Posts Tagged ‘Illinois’

The Apoplectic States of America

December 18, 2013


At the risk of sounding like newscaster Howard Beale in the movie Network, when he instructs his viewers to go to their windows and yell out: “I’m mad as hell and I’m not going to take this anymore!” the state of economic development in America today is positively apoplectic.

I don’t say this flippantly, and I’m not saying this just because we here at Good Jobs First swim every day in reports of job subsidies gone awry. I think it’s objectively true that the ruinous economic war among the states is boiling over. Here’s my evidence:

The number of deals for which states and cities can compete remains very depressed, so those elite companies that can move lots of capital and jobs—or threaten to move—are taking it to the bank. That’s why the number of big-ticket “megadeals” has surged since 2008. The corporate rich are getting richer—on subsidies. That’s why Boeing can get 22 states to rapidly assemble bids for its third public auction in 10 years. That’s why “job blackmail” for eight and nine figures at a pop is rampant in states like Ohio and New Jersey and Illinois.

Deal supply is down and demand for deals is up (i.e., anxious politicians). Put those curves together and the price soars: you get megadeals averaging $456,000 per job. Does anyone seriously believe taxpayers can ever break even on such gold-plated giveaways?

Never before has a governor made interstate job piracy a partisan sport. But there goes Texas Gov. Rick Perry doing it six times since February and pledging to continue. And there sit the National Governors Association—and all the regional governors’ associations—mute and MIA.

Never before has there been a concerted effort by a group of business leaders in a multi-state metro area to forge a two-state cease-fire. But since April 2011, seventeen business leaders in the Kansas City metro area have tenaciously yelled publicly at and negotiated privately with Missouri Gov. Jay Nixon and Kansas Gov. Sam Brownback to fix the abuse of job subsidies that has already wasted more than a quarter-billion dollars on short-distance corporate relocations.

Jobs have become so politicized that some governors have chosen to create captive non-profit corporations —“public-private partnerships”—and privatize critical economic development functions, loading their boards with campaign contributors and creating structures that often evade basic safeguards such as open records laws, audits, and salary caps.

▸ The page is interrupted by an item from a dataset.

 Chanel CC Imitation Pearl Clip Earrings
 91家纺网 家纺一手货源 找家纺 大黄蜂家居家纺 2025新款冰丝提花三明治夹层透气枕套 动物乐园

Then last week began a remarkable series of events in Illinois. The state’s House, thwarting the Senate, refused to approve subsidy packages to three companies including Archer Daniels Midland (ADM), the agribusiness giant with $90 billion in sales that wanted $30 million to keep its headquarters in the Prairie State. The stunning turndown spoke to enormous public anger over past job blackmail packages to Sears, CME, Motorola Mobility, Navistar International, and many others—given away while the state substantially raised its personal and corporate income tax rates, and also cut public employee pensions.

Then came the Howard Beale moment: Illinois House Speaker Michael Madigan, who has been Speaker for 28 years, and who holds enormous power that he exercises with great caution and restraint, put out a scorching statement:

We must resist the temptation to cave to corporate officials’ demands every time they impose a deadline for payment in exchange for remaining in Illinois, and end the case-by-case system of introducing and debating legislation whenever a corporation is looking for free money from Illinois taxpayers. This practice creates an unsettling and worrisome appearance of some new kind of corporate pay-to-play, which should be troubling to other business leaders and their shareholders, public officials and Illinois taxpayers. …Presently, four Illinois corporations are seeking… tax breaks or incentives. If their requests are approved by the Legislature, these corporations would, collectively, see their tax burdens decrease by approximately $67 million. The companies requesting these taxpayer-funded breaks currently pay little to no corporate income tax to the state, contributing little or nothing to help fund the very services from which they benefit significantly. Meanwhile, middle-class families continue struggling through a recession and job loss. So I find it very difficult to support tax giveaways for corporate CEOs and millionaire shareholders whose companies pay little in state taxes. I question our priorities when corporate handouts are demanded by companies that don’t pay their fair share while middle-class families and taxpayers face an increasing number of burdens. According to the 2011 census data, the per capita income for an Illinois resident is $29,376. Assuming a 5% state tax rate, more than 45,000 new individuals would need to begin paying income taxes to make up for the lost revenue… … without new revenue, these giveaways are only possible by making additional cuts to crucial programs that impact working men and women across Illinois.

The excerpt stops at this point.